At that time, still in high school, she worked downtown on Second Avenue in the East Village at Moises Bakery, next to the Kiev Diner. She, Jean and their friends frequented the Kiev alongside the regulars who included artists, punk rockers, and poets—Quentin Crisp, John Lurie, H.R. and Joey Ramone among the crowd. She remembers waiting for Jean at Kiev the day Glenn O’Brien took him to Warhol’s studio and how excited he was not only to have spent time with Warhol but also that Warhol purchased some of his hand-painted sweatshirts. In years to come, she would dine with Jean and Andy in the garden at Barbetta’s and at Texarcana.

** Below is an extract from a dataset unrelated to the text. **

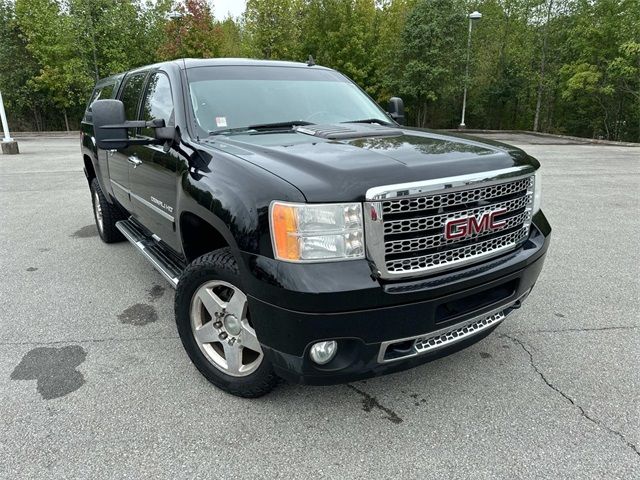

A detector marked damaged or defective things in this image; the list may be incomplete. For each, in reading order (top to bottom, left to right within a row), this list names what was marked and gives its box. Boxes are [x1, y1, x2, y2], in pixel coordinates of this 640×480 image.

Connected through their acquaintances and interests, the two artists would cross paths frequently over the years. She was there for the sound check when Basquiat and his bandmates named themselves Gray, the color of the backdrop paper that Jean drew on for their debut performance at the Mudd Club. In 1985, she and Basquiat ran into each other at Evelyn’s restaurant and when he learned she was struggling to make ends meet, he offered her a job as his studio assistant. She showed up to work the very next day where her tasks included preparing surfaces for painting, making Xeroxes at Todd’s Copy shop, as well as listening to jazz, watching the Little Rascals and drinking milk shakes.
During her brief tenure in Basquiat’s studio, she oversaw the completion of the two large paintings for the Palladium’s Michael Todd Room. Ultimately, idle time hanging out in the studio didn’t suit her personality and the arrangement did not last, yet their friendship and bond remained constant. Basquiat attended her solo exhibition at New Math Gallery later that same year, whisking her away from her own opening to eat dinner at Mr. Chows. The following year the two friends traveled to Atlanta together for Basquiat’s first show at Fay Gold Gallery.
Acquired as gifts from Jean on different occasions over the years, the pieces offered here are vestiges of a friendship and the close-knit quality of the New York Art Scene in the 1980s. The original drawings were small tokens gifted from one artist to another on different studio visits, while the Warhol—initially a gift from Andy to Jean—was passed along after Warhol’s death in 1987. Understanding the weight of Basquiat’s loss, she had stopped by to check on him. He had several works by Warhol and when she told him that she liked the one that had hung over his bed for years, Jean took it off the wall and handed it to her. It was a generous gift to remember Warhol by, and more special because it was one of only a few works that Basquiat chose to display in his own home alongside a Joseph Beuy’s felt suit and an oxidized portrait of himself also by Warhol.

Jean-Michel Basquiat on the cover The New York Times Magazine, February 1985. Photo by Lizzie Himmel ©
The chairs, famously featured on the cover of The New York Times Magazine in the well-known portrait of Basquiat by Lizzie Himmel, were given to her as a gift when Jean was redecorating his home. Since he had discovered the furniture of Gustav Stickley, these now iconic chairs no longer fit the space. She remembers walking the chairs to her apartment on Ludlow Street.
Finally, there are the photographs—images that capture Jean exactly as she remembers him.